Your task
Line by line, print the records exactly, and keep images out of the copy.

(Image-caption web data)
----
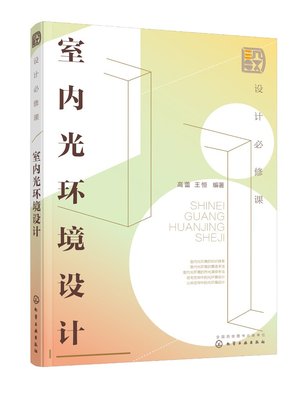 正版现货 设计必修课：室内光环境设计 高蕾、王恒  编著 1化学工业出版社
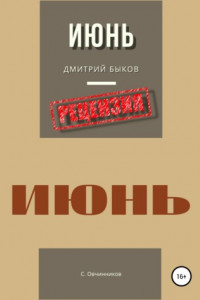 Книга Дмитрий Быков. Июнь. Рецензия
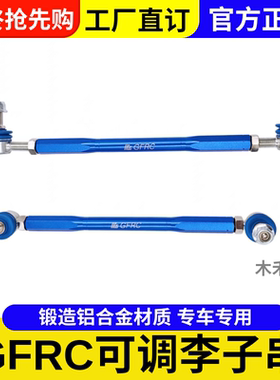 GFRC李子串可调节拉杆汽车配件改装减避震平衡杆球头防倾杆李子串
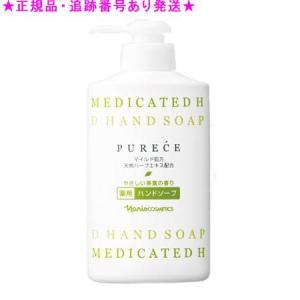 naris COSMETICS（ナリス化粧品） [医薬部外品]naris ナリス
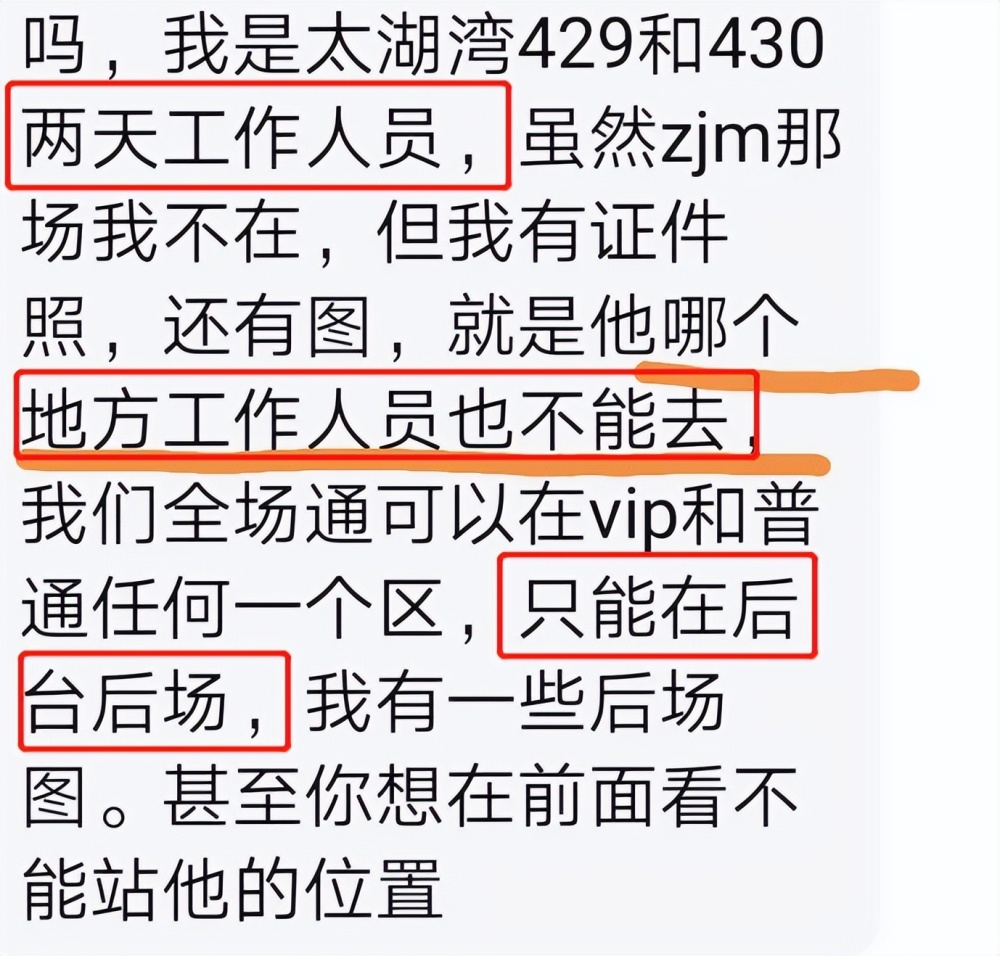 澳门一码一肖一待一中四不像|升级释义解释落实,澳门一码一肖一待一中四不像的释义解释与升级落实策略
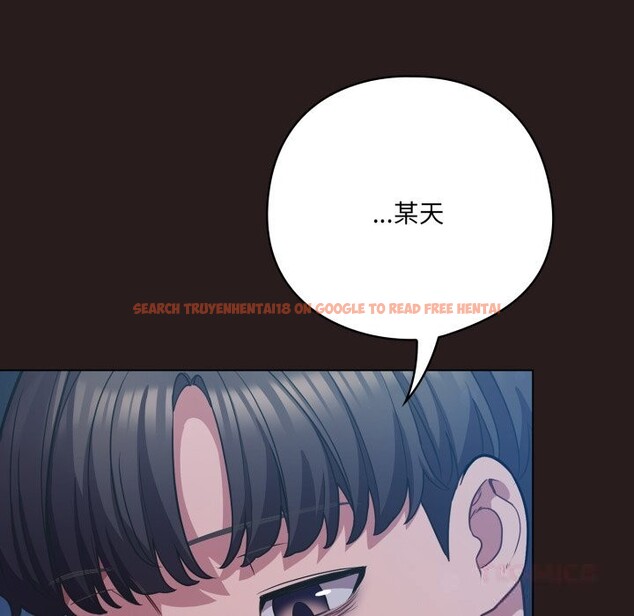 查看漫画喵來的戀愛 - 第36話 - sayhentaiz.net中的3801144图片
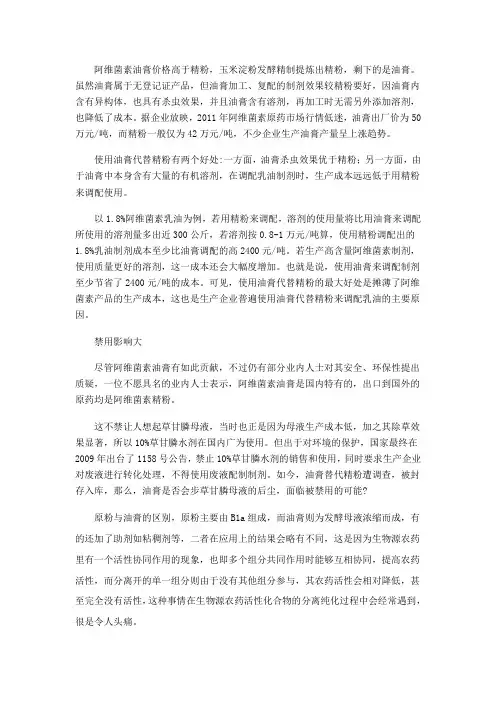 阿维菌素油膏与10%草甘膦水剂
----
Result below
 正版现货 设计必修课：室内光环境设计 高蕾、王恒  编著 1化学工业出版社
 Книга Дмитрий Быков. Июнь. Рецензия
 GFRC李子串可调节拉杆汽车配件改装减避震平衡杆球头防倾杆李子串
 naris COSMETICS（ナリス化粧品） [医薬部外品]naris ナリス
 澳门一码一肖一待一中四不像|升级释义解释落实,澳门一码一肖一待一中四不像的释义解释与升级落实策略
 查看漫画喵來的戀愛 - 第36話 - sayhentaiz.net中的3801144图片
 阿维菌素油膏与10%草甘膦水剂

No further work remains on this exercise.